The fate of the irregular captives could provoke fresh tensions over the ICC. The UK has unconditionally ratified it, but the US, China and Russia have not. One British source in Qatar suggested that "may be the nub of the difficulty". Air Marshal Brian Burridge, commander of the British forces, said in a weekend interview: "I do have a passionate personal belief that the only way to deal with asymmetric warfare and this sort of irregular behaviour is to use the war-crimes process. And the way we created the notion of equity after Bosnia, I think that is an important and powerful way of dealing with it. That is my personal view but it is not me who makes the decisions; it is for ministers, politicians and wiser people than I."
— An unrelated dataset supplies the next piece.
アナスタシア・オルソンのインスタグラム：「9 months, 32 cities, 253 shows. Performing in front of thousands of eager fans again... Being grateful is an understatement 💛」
Referring to "irregulars", Air Marshal Burridge said: "You detain them. The notion of the Geneva convention is that prisoners of war are repatriated. Those who might have committed other sorts of crimes will undoubtedly have to answer for those crimes."

LAWS OF WAR

By Robert Verkaik

Surrender and treachery

Under the Geneva Convention soldiers are forbidden from misusing flags of truce, feigning war wounds or disguising themselves as civilians. The Convention describes all three actions as "perfidy" in article 37. But there is no ban on "ruses of war" – the spread of misinformation and use of decoys and camouflage are all legal.

Civilian casualties

British military lawyers have been attached to Air Force and Army headquarters and to units on the ground to help assess Iraqi targets. "The expected harm" to civilians "must not be excessive when set against the direct ... military advantage anticipated". An attack would be a war crime if it were "clearly excessive". Byplacing of military equipment in civilian locations the Iraqis are laying Britain and America open to charges of war crimes.

Pilots

Pilots of helicopters and warplanes shot down by Iraqi ground fire must not be "attacked" if they are forced to eject or parachute –they must be given an opportunity to surrender. These rules do not apply to troops parachuting from aircraft.

Spies

Anyone who is engaged in espionage does not have the protection afforded to prisoners of war. There are hundreds of Iraqi citizens helping the Allies identify targets in Baghdad and other cities.

Conscientious objectors

Three British soldiers have been sent home for objecting to the conduct of the war and could now face a possible courts martial. The right to refuse on the grounds of conscience to participate as a combatant was included in the Military Service (No.2) Act 1916, which introduced conscription for the First World War. This right is not available to members of the armed forces.